Renfort latéral encore soudé mais sec et décomposé et qui s’est détaché du tronc de gauche

Quand le renfort se fait avec une branche, celle-ci pourra être amenée à disparaître au bout d’un certain temps par mort naturelle, notamment à cause de l’ombrage portée sur elle par la couronne qui se développe. Entre temps, la fourche qui était bloquée n’aura pas formé de bois axillaire ni de renflement. Brusquement, elle va se retrouver libérée et subir des contraintes. Si par chance, elle réussit à échapper à un épisode de vent violent ou un orage qui risque de la rompre, elle va commencer à former des renflements et fabriquer ainsi une jonction de compensation.

Pour déchiffrer de tels scénarios, il faut être très observateur et rechercher par exemple la trace laissée par la branche sur un des troncs au-dessus. Par ailleurs, ultérieurement, un nouveau renfort pourra de nouveau se former un peu plus haut ou en dessous ! 

Dans les cépées de noisetiers, les tiges multiples plus ou moins penchées et intriquées développent très facilement des renforts entre elles en tous sens : on peut sur une cépée donnée en trouver parfois plus d’une dizaine. Mais, ces tiges ont une durée de vie assez limitée et sont sans cesse renouvelées.

Multitude de « chancres » de frottement sur cette cépée de noisetiers dans un secteur venteux : les branches à l’origine ont disparu

Chaque tige qui meurt laisse ainsi sur ses voisines avec qui elle se « frottait » des traces de son passage pouvant aller jusqu’à des « creusements » marqués. L’alignement de plusieurs d’entre eux à l’échelle de la cépée permet d’imaginer la tige en oblique qui a dû les générer. 

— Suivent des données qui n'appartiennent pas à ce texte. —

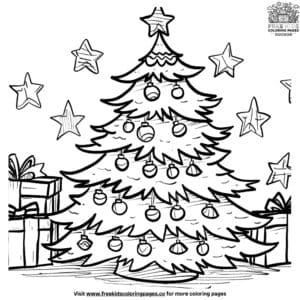 Pretty Christmas Tree with Presents Coloring Pages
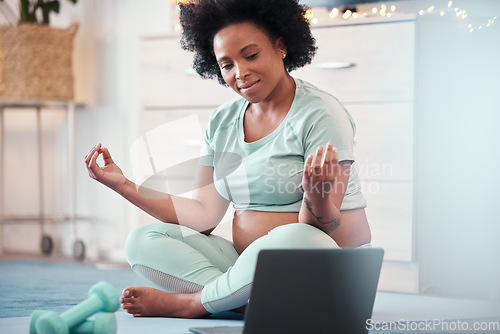 Image of Laptop, pregnant black woman and yoga exercise in home for fitness, wellness and health. Zen lotus, pregnancy and future mother with computer for virtual training or streaming online pilates class.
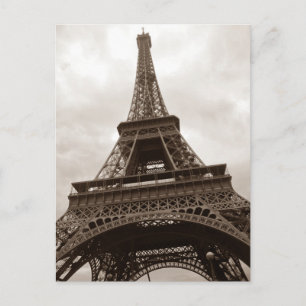Cartão Postal Torre Eiffel Romantismo Sepia Paris França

Parfois, le frottement entre deux grosses branches peut détériorer l’écorce sur l’une des deux et engendrer un foyer de pourriture qui mettra un terme au renfort. Deux troncs dressés issus d’une fourche peuvent ou non fusionner partiellement au fil du temps sans que l’on puisse le prévoir. Parfois, ils se contentent de s’appuyer l’un sur l’autre sans se souder mais cela suffit à imposer une certaine limite dans la latitude de mouvement. Inversement, on peut avoir des troncs dressés rigoureusement parallèles, très proches qui ne développent aucune soudure latérale. Néanmoins, leur proximité extrême peut suffire à limiter un peu leurs mouvements et freiner les oscillations en cas de vent. 

Il y avait une branche en travers qui s’appuyait sur ces deux tiges dressées de noisetier : il n’en reste plus que sa trace en « fantôme »

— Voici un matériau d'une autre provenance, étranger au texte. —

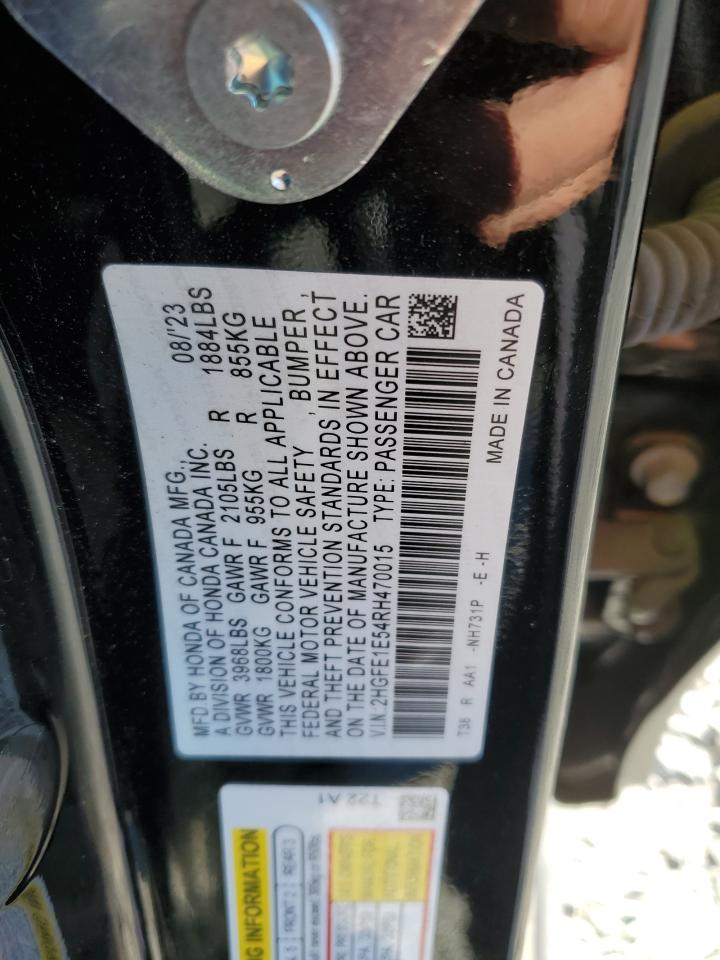 2024 HONDA CIVIC SI VIN:2HGFE1E54RH470015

Vous voilà donc armé du minimum pour apprendre à repérer ces renforts et leurs conséquences sur les fourches et jonctions et les inclusions d’écorce. Pour partager notre enthousiasme, nous vous proposons une troisième chronique qui présente la folle diversité de ces renforts à travers des études de cas. Mais attention à ne pas vous faire contaminer car, quand on y a goûté, on devient vite addict ! 

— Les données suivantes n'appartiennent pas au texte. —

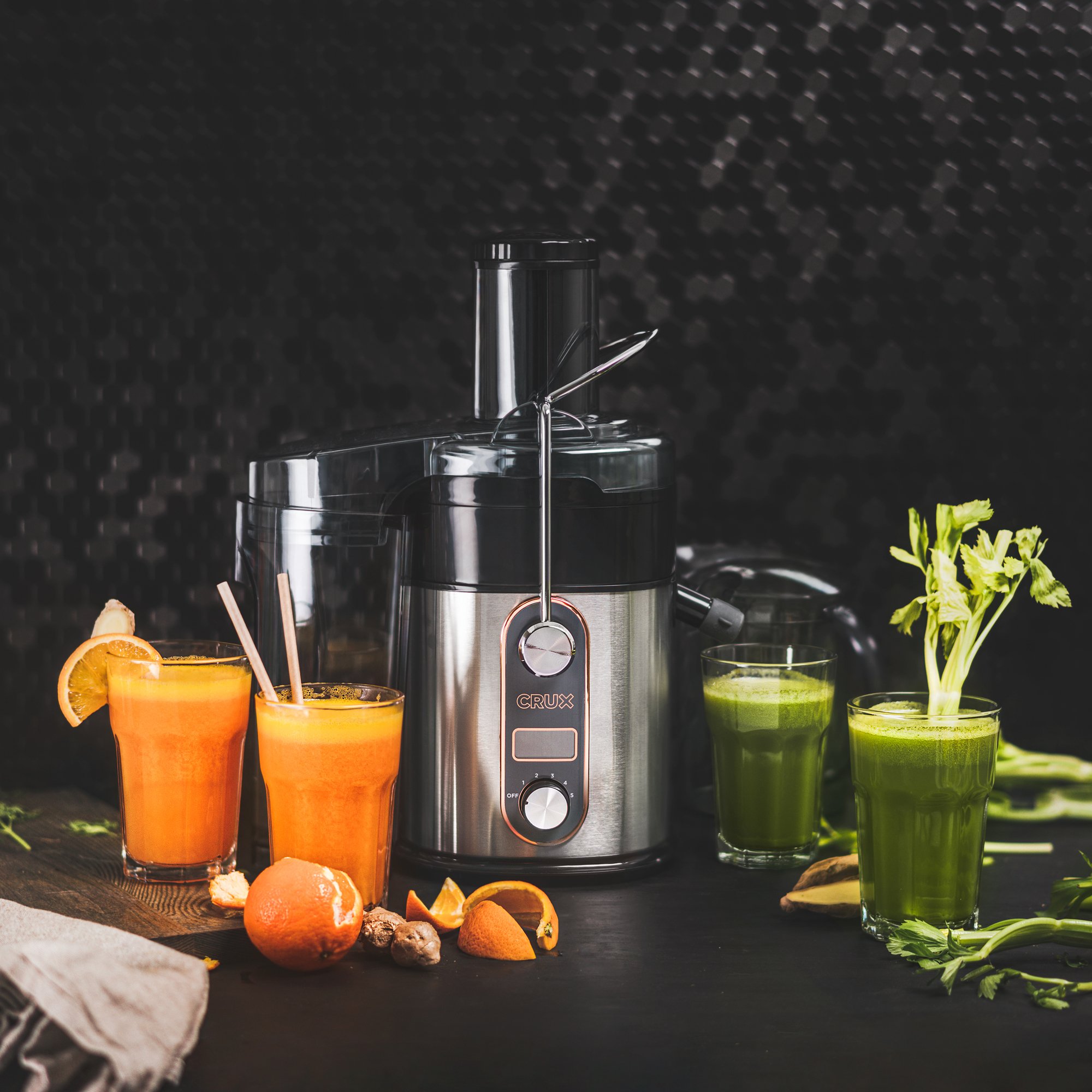 Crux Brushed Chrome 5 Speed Digital Juicer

Un merle a installé son nid à l’aisselle d’une fourche bien verrouillée : sécurité maximale !

Bibliographie 

Demystifying Tree Forks : Vices and Virtues of Forks in Arboriculture. Drénou C, Restrepo D, Slater D (2020). J Bot Res 3(1):100-113 

The association between natural braces and the development of bark-included junctions in trees; Slater D (2018) Arboricultural Journal 40 (1), 16-38.

Natural bracing in trees: Management recommendations; Slater D (2018) Arboricultural Journal 40 (2), 106-133.

Assessment of Tree Forks: Course Notes Slater D (2016): published by the Arboricultural Association, Stroud, England.